# Цель работы:
 Исследовать сходство и различия в толковании понятий "machine learning" и "data science" через анализ публикаций в Arxive с использованием метода обобщения в таксономиях

# Шаг 1
Выделить подмножества публикаций в Arxive, ML и DS, отвечающие соответствующим запросам

In [2]:
import pandas as pd
import numpy as np

df = pd.read_json('arxiv-metadata-oai-snapshot.json', lines=True)
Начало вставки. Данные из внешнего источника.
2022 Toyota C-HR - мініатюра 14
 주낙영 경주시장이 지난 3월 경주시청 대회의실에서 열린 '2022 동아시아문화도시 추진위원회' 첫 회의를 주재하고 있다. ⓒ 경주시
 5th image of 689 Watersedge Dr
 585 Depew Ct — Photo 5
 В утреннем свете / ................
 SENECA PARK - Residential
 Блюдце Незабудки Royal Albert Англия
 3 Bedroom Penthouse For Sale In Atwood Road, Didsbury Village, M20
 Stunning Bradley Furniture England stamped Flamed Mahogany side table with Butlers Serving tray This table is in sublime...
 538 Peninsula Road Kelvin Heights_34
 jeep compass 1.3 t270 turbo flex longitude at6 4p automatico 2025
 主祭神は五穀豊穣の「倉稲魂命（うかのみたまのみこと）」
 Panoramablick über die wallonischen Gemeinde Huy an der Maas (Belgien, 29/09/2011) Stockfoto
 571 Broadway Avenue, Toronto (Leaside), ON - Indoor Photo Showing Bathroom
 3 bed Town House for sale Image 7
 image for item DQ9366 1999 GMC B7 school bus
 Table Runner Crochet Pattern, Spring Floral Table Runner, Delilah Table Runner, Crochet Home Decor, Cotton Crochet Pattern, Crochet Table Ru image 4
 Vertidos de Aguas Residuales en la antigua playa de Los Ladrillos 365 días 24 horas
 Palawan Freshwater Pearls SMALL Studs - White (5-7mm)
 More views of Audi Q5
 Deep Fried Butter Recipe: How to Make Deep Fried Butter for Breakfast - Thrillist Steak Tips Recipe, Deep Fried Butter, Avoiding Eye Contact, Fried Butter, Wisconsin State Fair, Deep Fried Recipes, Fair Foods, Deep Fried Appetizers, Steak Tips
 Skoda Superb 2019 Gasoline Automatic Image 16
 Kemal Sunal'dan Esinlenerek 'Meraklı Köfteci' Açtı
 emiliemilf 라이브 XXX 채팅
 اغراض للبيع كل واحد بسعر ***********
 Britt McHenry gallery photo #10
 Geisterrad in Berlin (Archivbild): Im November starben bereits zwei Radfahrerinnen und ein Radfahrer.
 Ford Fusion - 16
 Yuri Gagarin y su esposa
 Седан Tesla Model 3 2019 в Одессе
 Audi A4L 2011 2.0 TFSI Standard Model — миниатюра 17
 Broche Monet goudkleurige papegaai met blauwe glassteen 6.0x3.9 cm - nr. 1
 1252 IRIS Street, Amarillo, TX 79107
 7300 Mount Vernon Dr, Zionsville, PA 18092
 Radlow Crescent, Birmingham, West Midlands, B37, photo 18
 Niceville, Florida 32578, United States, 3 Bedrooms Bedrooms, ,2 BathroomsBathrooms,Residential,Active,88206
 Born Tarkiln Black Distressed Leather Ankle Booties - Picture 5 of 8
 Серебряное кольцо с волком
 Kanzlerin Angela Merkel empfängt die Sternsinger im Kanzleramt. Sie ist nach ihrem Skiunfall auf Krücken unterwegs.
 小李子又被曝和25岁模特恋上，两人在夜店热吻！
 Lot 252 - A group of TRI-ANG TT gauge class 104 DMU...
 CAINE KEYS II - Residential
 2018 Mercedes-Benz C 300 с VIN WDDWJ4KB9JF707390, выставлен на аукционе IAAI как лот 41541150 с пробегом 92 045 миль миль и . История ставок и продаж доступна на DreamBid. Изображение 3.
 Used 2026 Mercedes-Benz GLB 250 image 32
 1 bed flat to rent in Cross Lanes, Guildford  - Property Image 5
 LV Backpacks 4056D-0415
Filter ML and AI from past 10 years

In [3]:
df_LG = df[df['categories'].str.contains('cs.LG')]

In [4]:
df_AI = df[df['categories'].str.contains('cs.AI')]

In [5]:
df_ML = df[df['categories'].str.contains('stat.ML')]

In [6]:
df_LG = df_LG[df_LG['update_date'] > '2022']

In [7]:
df_AI = df_AI[df_AI['update_date'] > '2022']

In [8]:
df_ML = df_ML[df_ML['update_date'] > '2022']

In [9]:
print(f'ML articles: {len(df_LG)}')
print(f'AI articles: {len(df_AI)}')
print(f'ML (statistics) articles: {len(df_ML)}')

ML articles: 42929
AI articles: 20841
ML (statistics) articles: 9336


In [10]:
abstracts_LG = []
for a in df_LG['abstract']:
    abstracts_LG.append(a)

In [11]:
abstracts_AI = []

for a in df_AI['abstract']:
    abstracts_AI.append(a)

In [12]:
abstracts_ML = []

for a in df_ML['abstract']:
    abstracts_ML.append(a)

## Шаг 2
Выделить разумные нечеткие кластеры понятий таксономии согласно ML и согласно DS

In [13]:
import re

import numpy as np

from east.asts import base


def clear_text(text, lowerize=True):

    pat = re.compile(r'[^A-Za-z0-9 \-\n\r.,;!?А-Яа-я]+')
    cleared_text = re.sub(pat, ' ', text)

    if lowerize:
        cleared_text = cleared_text.lower()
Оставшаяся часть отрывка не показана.